After being in Delhi for what’s hardly a short length of time, I finally went to the Jantar Mantar. It’s full of people during the day. And not one of them knows how exactly it works.

Although the Jantar Mantar was built only a few centuries ago, no records survive from the period when it was built which tell contemporary scientists how to use it. The only documents which are in existence are records of observations which are not especially useful in terms of understanding how the observations were conducted. What’s surprising is that in addition to none of the original blueprints being available, the records of subsequent restorations are not easily available either. This doesn’t mean that just the records of 19th century restorations are unavailable but also that records of just how the structure was reinforced with concrete sometime in the 1980s are (I'm told) unavailable.

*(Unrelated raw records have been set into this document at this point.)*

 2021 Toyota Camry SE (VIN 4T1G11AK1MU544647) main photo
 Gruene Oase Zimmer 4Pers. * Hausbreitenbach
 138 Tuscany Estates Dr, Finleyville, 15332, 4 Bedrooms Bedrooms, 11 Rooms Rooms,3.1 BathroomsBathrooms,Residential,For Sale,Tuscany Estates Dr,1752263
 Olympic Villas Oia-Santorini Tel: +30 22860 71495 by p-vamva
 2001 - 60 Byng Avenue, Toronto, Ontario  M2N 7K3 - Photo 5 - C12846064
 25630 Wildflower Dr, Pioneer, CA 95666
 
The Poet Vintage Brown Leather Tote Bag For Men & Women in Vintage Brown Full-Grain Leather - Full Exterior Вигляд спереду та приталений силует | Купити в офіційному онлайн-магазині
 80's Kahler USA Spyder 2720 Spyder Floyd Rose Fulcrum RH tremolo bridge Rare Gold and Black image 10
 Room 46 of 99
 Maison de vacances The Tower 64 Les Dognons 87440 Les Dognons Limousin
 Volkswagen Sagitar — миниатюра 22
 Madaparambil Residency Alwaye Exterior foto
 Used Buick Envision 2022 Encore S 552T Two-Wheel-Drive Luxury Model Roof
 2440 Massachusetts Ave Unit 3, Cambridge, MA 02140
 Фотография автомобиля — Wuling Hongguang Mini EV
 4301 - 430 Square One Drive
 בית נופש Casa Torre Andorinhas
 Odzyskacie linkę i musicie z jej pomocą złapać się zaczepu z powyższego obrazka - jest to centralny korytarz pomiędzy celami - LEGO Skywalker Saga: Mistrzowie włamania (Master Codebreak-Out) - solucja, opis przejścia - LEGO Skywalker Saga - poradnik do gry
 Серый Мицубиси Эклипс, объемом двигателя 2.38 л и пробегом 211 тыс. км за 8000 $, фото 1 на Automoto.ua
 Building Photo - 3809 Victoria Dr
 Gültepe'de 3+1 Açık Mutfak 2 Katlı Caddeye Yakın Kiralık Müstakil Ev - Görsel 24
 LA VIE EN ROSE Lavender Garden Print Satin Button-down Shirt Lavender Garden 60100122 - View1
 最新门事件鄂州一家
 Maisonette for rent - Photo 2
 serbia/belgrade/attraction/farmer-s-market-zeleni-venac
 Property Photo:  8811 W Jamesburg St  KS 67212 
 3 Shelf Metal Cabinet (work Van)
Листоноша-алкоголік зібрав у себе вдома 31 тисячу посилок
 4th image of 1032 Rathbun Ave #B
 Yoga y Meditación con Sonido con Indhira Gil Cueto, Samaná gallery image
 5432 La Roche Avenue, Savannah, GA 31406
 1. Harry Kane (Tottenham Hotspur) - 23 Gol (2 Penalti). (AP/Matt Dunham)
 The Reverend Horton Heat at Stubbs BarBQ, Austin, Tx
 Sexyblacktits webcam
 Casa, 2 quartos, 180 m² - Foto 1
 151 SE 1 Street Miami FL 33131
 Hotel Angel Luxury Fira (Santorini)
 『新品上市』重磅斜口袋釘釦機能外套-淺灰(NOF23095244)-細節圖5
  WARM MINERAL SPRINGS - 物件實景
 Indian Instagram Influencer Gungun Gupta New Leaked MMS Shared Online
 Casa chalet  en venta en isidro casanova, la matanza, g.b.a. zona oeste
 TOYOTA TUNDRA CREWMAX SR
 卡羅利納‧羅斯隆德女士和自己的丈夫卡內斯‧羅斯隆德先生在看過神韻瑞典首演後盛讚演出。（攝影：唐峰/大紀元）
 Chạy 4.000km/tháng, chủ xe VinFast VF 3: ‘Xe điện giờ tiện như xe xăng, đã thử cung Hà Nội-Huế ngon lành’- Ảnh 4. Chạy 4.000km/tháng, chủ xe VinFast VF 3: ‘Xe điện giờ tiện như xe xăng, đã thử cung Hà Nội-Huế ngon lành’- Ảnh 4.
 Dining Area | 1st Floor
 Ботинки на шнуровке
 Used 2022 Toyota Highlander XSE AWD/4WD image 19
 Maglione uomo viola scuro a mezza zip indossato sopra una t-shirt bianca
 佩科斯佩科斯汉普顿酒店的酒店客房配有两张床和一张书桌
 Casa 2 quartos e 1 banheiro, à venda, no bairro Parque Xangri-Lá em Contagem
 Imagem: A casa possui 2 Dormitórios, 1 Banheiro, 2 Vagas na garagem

What this effectively presumably means is that astrophysicists have no easy way of knowing what was a part of the original structure and what is a later addition (or removal).




The structures as they exist themselves are full of peculiarities and even if words like ‘declination’, ‘arc minute’ and ‘azimuth’ mean absolutely nothing to one, some of the peculiarities are visible to the naked eye. And if one doesn’t know what they mean, well, the experts aren’t sure themselves. They’ve made some comparisons with the Jaipur observatory and done some research themselves and, from what they have been able to figure out, it turns out that observations made using the Jantar Mantar are extremely accurate.

And that’s what the Jantar Mantar essentially is. For some reason though, every night, instead of being kept dark as it should be, the instruments are all lit up making the observatory unusable. To be fair though, if someone – meaning, presumably, someone with good credentials – does want to use the Jantar Mantar to observe the skies, the lights are switched off. Although, of course, there’s precious little that can be done about the light pollution in the area situated as it is in the heart of central Delhi’s commercial area.

For the lay person though, even if the thrill of actually using the instruments completely eludes one, just being there late at night is an experience in itself. The Jantar Mantar is surrounded by noisy streets and overlooked by big city buildings all lit up. The compound itself though is quiet and very peaceful. The symmetry and sheer beauty of the instruments is overwhelming. Sitting down on the lawns in the compound, it’s entirely possible to forget that one is in Delhi at all.